== Goal of the exercise ==
Among the entries below, only the lines from the one with "Сінельна проволока Оопт" through the one with "Backtrack Blu ray" are to be retyped, exactly and without pictures.

== Data for this task ==

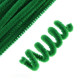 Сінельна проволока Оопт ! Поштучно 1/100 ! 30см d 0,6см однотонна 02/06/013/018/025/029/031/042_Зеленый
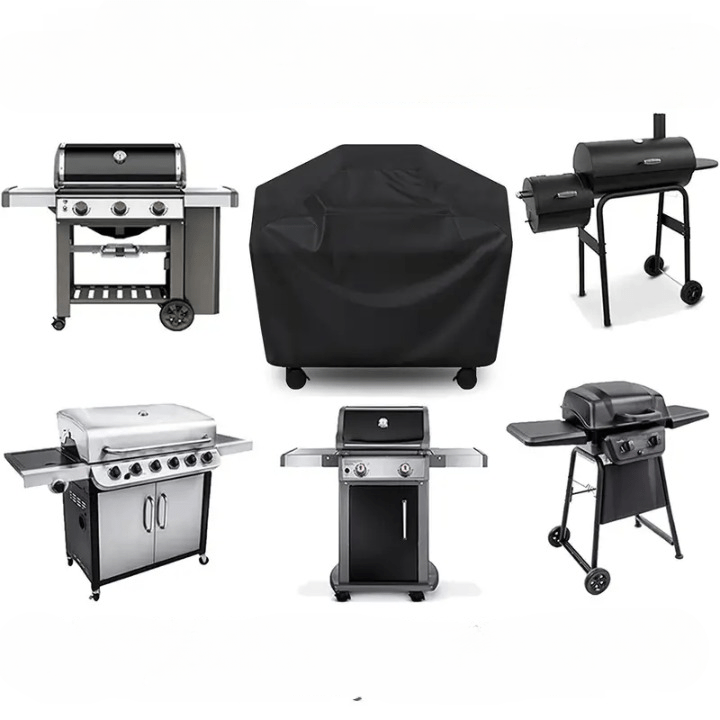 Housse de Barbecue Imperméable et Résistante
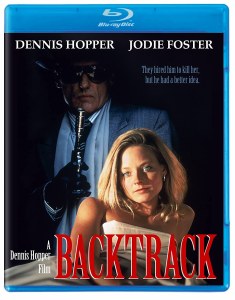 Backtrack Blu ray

---

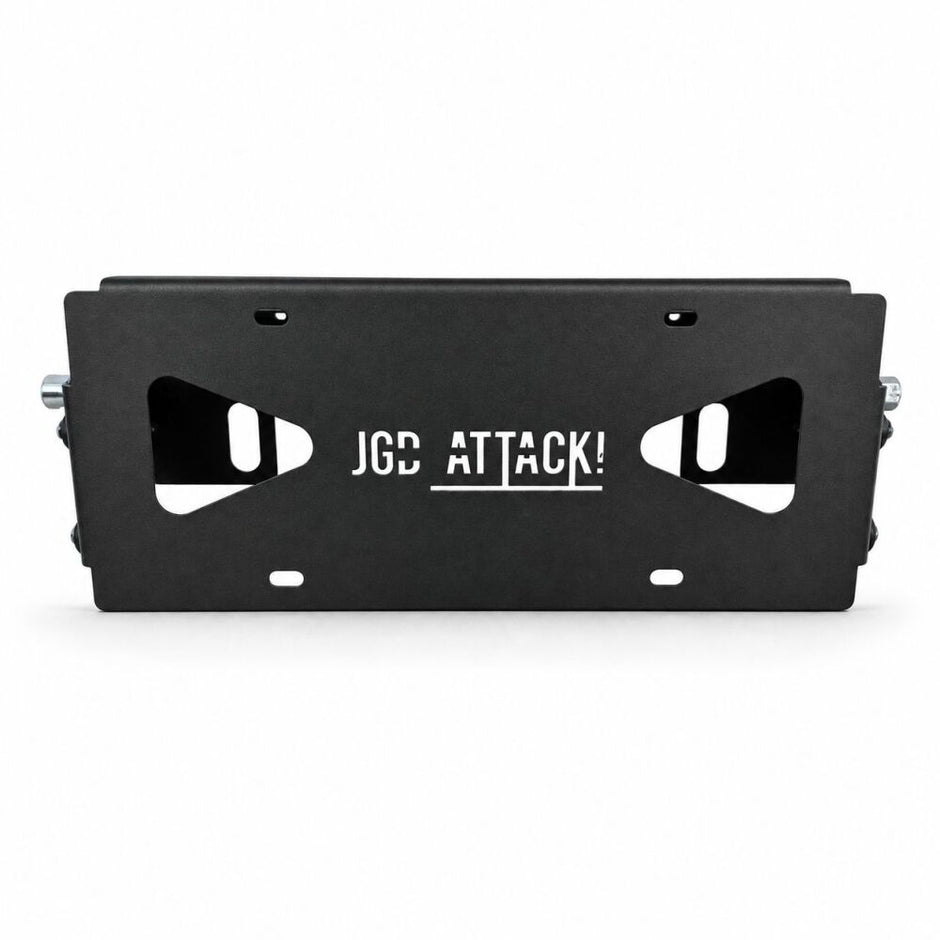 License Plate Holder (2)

== Solution to this exercise ==
 Сінельна проволока Оопт ! Поштучно 1/100 ! 30см d 0,6см однотонна 02/06/013/018/025/029/031/042_Зеленый
 Housse de Barbecue Imperméable et Résistante
 Backtrack Blu ray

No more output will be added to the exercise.